String Objects
Even though string objects in Python are more basic data types, they have some similarities to List objects. Strings are sequences of characters, and we can access each character of a string individually, just as we can access each object in a list, using an index. A character is the smallest possible component of a text, and characters vary depending on the language and context used (Python Software Foundation, 2019, “Unicode HOWTO”). For example, if a variable str_message had the value “Hey, Taxi!” it would comprise 10 characters and you could index each character in the string using the index values 0 through 9. In this example, str_message[2] would be the third character, which is “y.”
String Methods
Like lists, strings also have many methods. Table 3.2 identifies and gives a description of some commonly used string methods. A complete list of Python string methods is available in the Python documentation (Python Software Foundation, 2019, “String Methods”).
Table 3.2
Unlike lists, strings are immutable, meaning that their values are not able to be modified. The methods listed in Table 3.2 all return values, which in some cases are copies of the string on which we are applying the method. Note that even though we cannot modify a string, we can replace it with another string. Therefore, we can assign the returned copy from the use of a string method back to the string, replacing it.
String Operations
In addition to string methods, there are several operations that we can perform on or with strings. One such operation is slicing, which accesses a portion of a string by referencing a starting index and an ending index value. Slicing is important to learn because we are often interested in text-based information that is within larger amounts of text. We also use slicing with lists to reference a specific portion of the list. The syntax of the slicing operation is object[start_index:end_index], and a specific detail to be noted is that the slice returns the elements beginning at the start_index position through the (end_index – 1) position (not the end_index position).
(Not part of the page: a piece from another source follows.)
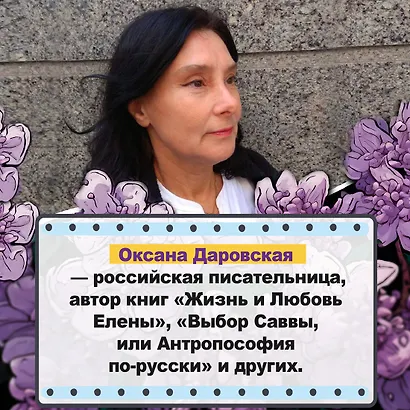 Москва. Квартирная симфония - фото 8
Using our str_message variable from above, which has the value “Hey, Taxi!” the slice of that string from the second character to the seventh character is str_message[1:7], which is “ey, Ta.” Another string operation is concatenation, which combines multiple strings into one string. We perform string concatenation using the “+” operator, so we can concatenate the two strings “Hey,” and “Taxi!” and assign the result to a variable using the statement: variable_name = “Hey,” + “Taxi!” We illustrate both examples in Figure 3.7, and the resulting output is in Figure 3.8.
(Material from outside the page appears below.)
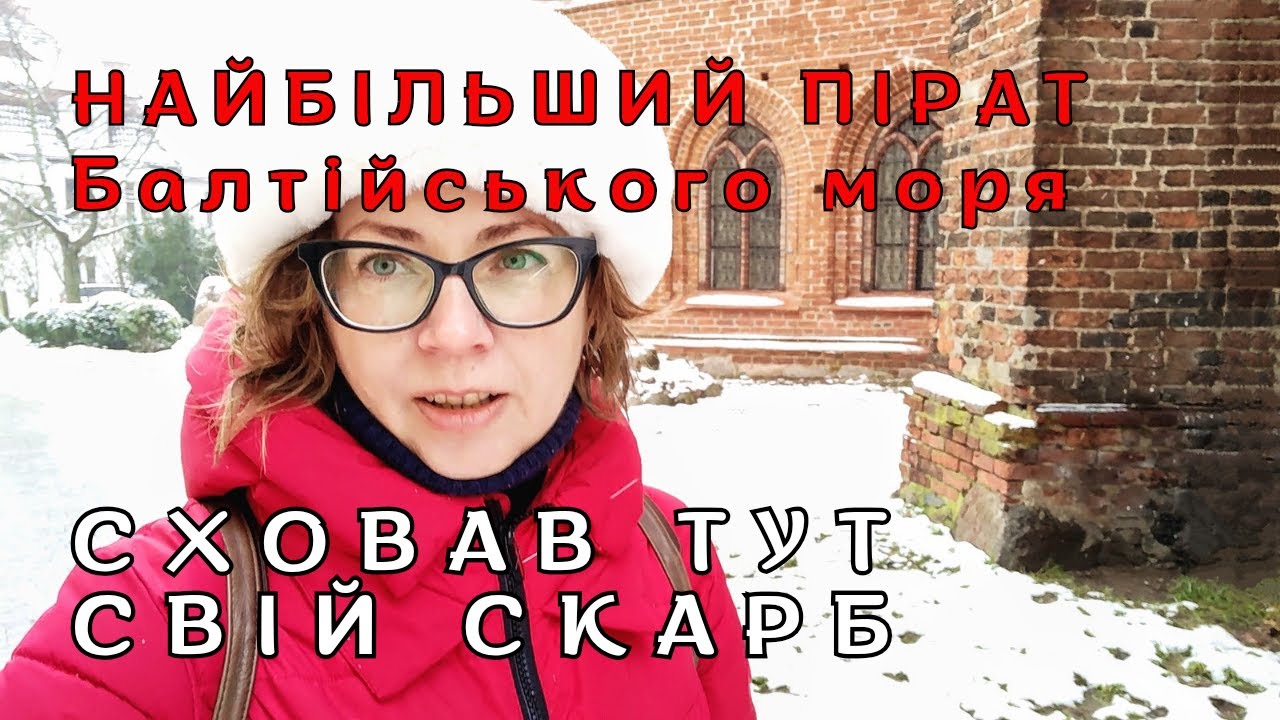 Місто КОРОЛЯ ПІРАТІВ Балтійського Моря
Figure 3.7 Python String Operations
Figure 3.8 Output from Execution of Python String Operations
Note that the result of the concatenation in line 8 did not have a space between the “Hey,” and “Taxi!” substrings. One way to insert a blank in the middle of the string is to concatenate the two parts with a space in between. Line 11 in Figure 3.7 accomplishes this by concatenating a blank with the first part and the last part of the string that did not have a blank. The slice operation in the last part of line 11 does not specify an ending index value, which results in the slice going all the way to the end of the string. Because string objects are immutable, there is not an .insert() method (or any other method or operation that would change the string) like there is for list objects.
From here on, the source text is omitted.